The key question is future access of UK firms to EU counterparties and clients. Currently this depends upon the equivalence and reciprocity provisions in EU directives – which vary a lot (think derivatives clearing under the European Market Infrastructure Regulation (EMIR), prudential capital under the Capital Requirements Directive IV (CRD IV), access to exchanges and multilateral trading facilities and over-the-counter trading under the Markets in Financial Instruments Directive (MiFID), benchmark administration under benchmark regulation and rating agencies under CRA Regulation). There was concern that these may be politically linked to any UK restrictions on freedom of movement of EU nationals; a suggestion that there might be some form of grandfathering for firms currently registered/passporting – but this totally depends on politicians.
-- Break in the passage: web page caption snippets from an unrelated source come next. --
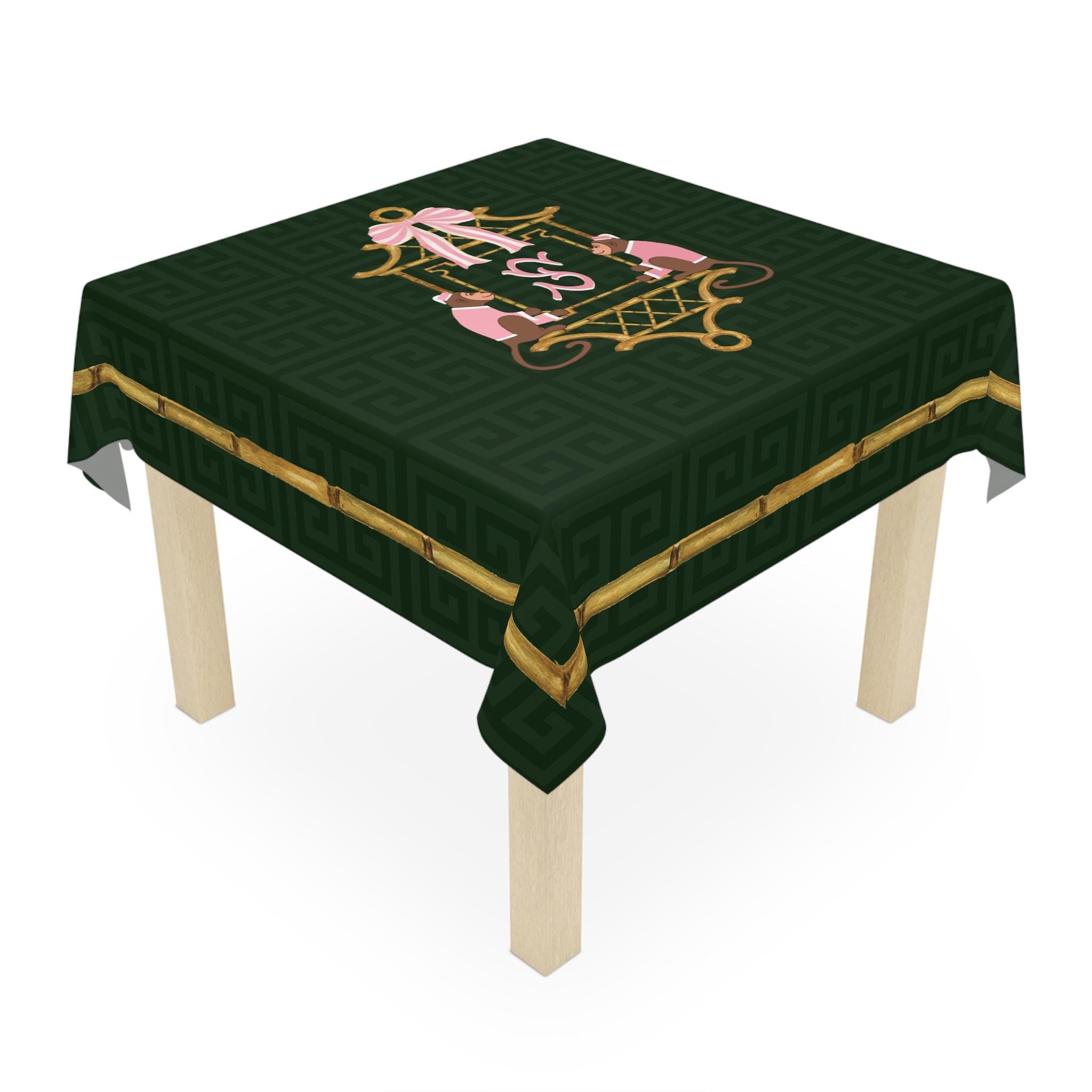 Custom Mahjong Tablecloth, Card Game Table Cover, Monogram, Personalized, Letter, Initial, Preppy, Chinoiserie, Pink Monkeys, Pagoda, Bamboo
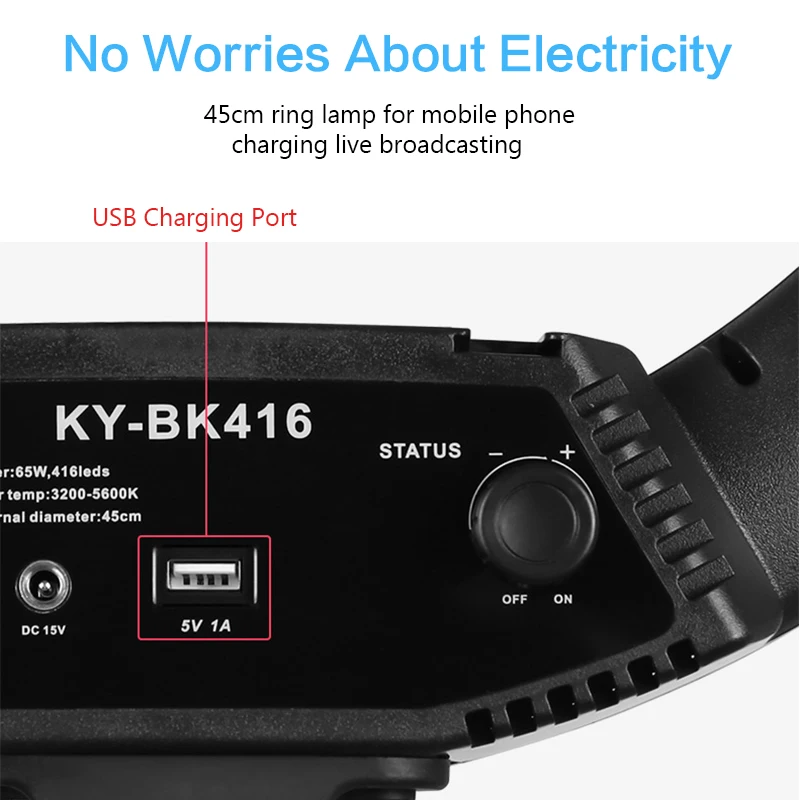 18 дюймовый светодиодный кольцевой светильник 3200-5600K 65W фотография вспышка для селфи с кольцевая лампа с 2,1 метровая подставка для макияжа в прямом эфире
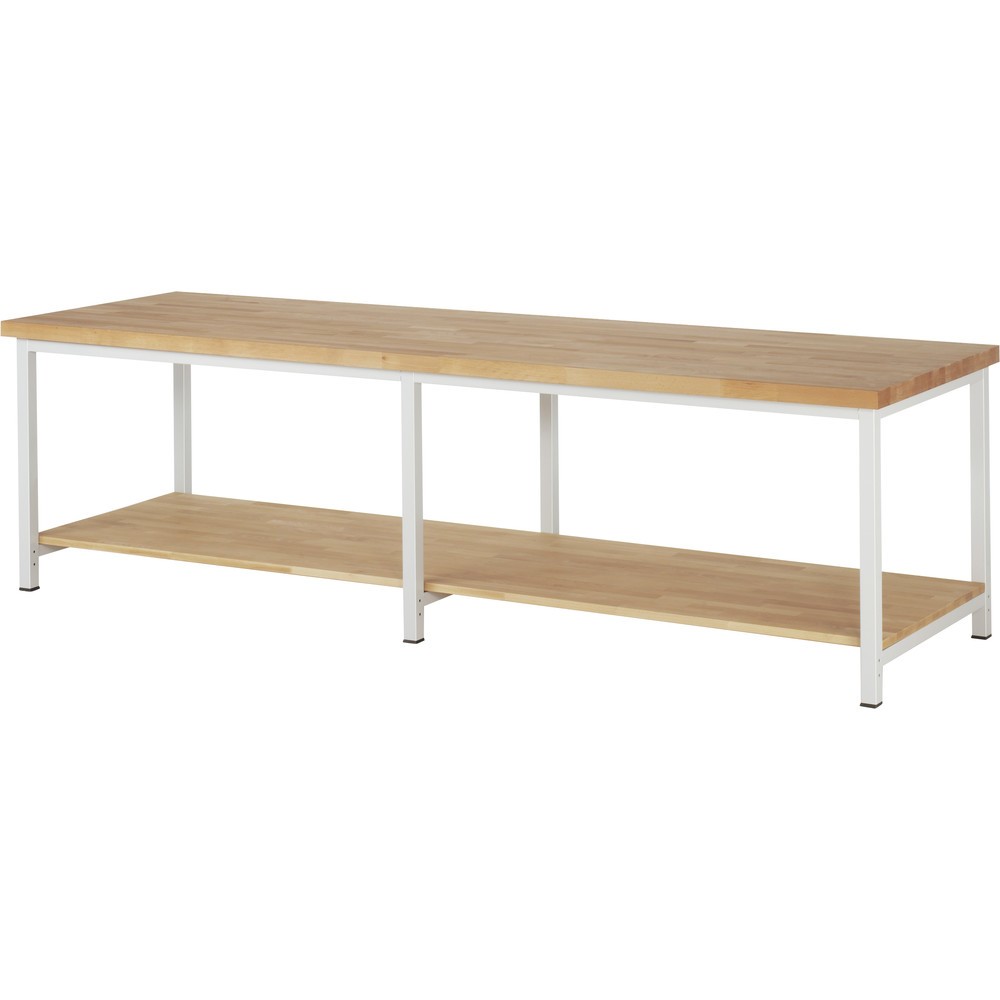 Produktabbildung: RAU Werkbank Serie 8000, HxBxT 840-1.040 x 3.000 x 900 mm, Ablageboden unten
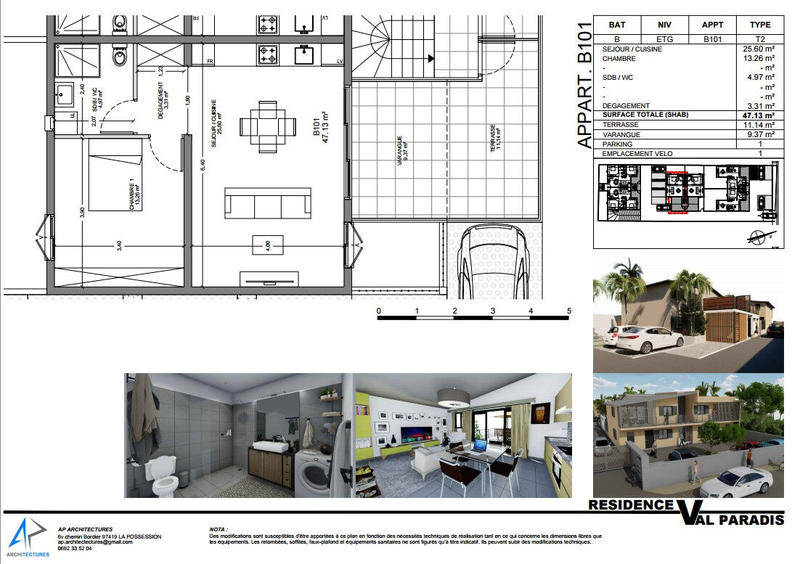 Appartement - 47 m² - 2 pièces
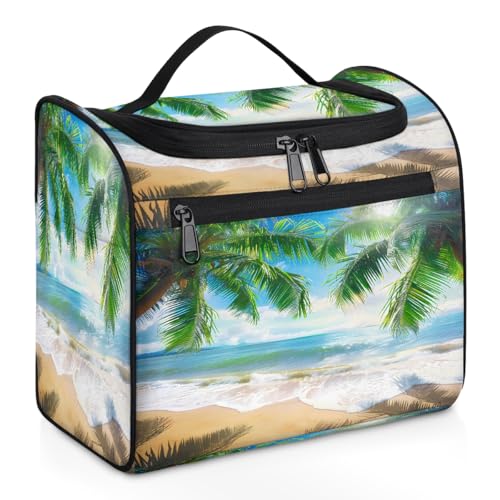 Mexpekil Kulturbeutel zum Aufhängen, Motiv: tropischer Strand, Kokosnussbaum, für Damen und Herren, groß, wasserdicht, Make-up, Kosmetik, Kulturbeutel für Reisen, mehrfarbig, 10.2 x 6.5 x 9.2 inches, von Mexpekil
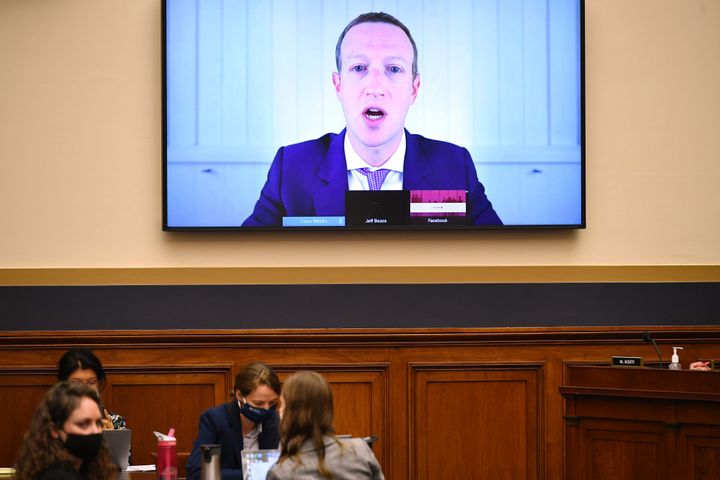 In this July 29, 2020 file photo, Facebook CEO Mark Zuckerberg testifies remotely during a House Judiciary subcommittee on antitrust on Capitol Hill, in Washington.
There could also be a form of restricted passport for UK firms (eg, to do business with banks and professionals only, or only under some directives or on an EU country by country basis). The worst case is prohibition on UK firms to do business directly with EU banks and corporates. The UK will need to keep up to date with further EU changes to these rules (eg, MiFID III, to maintain passport).
There is a serious question about access of UK firms to euro payments and settlements systems such as TARGET2 – the European Central Bank is likely to require this to be only within the EU. This means UK firms only having access through onshore EU firms (which is real activities not paper ones) – placing them and London at a cost disadvantage. Hence commercial, retail and investment banks, commodities firms and asset managers considering setting up operations within EU and either transferring activities from London, or entirely replacing them. Favoured locations depend upon the type of business – Frankfurt for banks, Dublin (the Central Bank of Ireland has put out a paper on the treatment of funds in the light of Brexit) or Amsterdam for asset managers.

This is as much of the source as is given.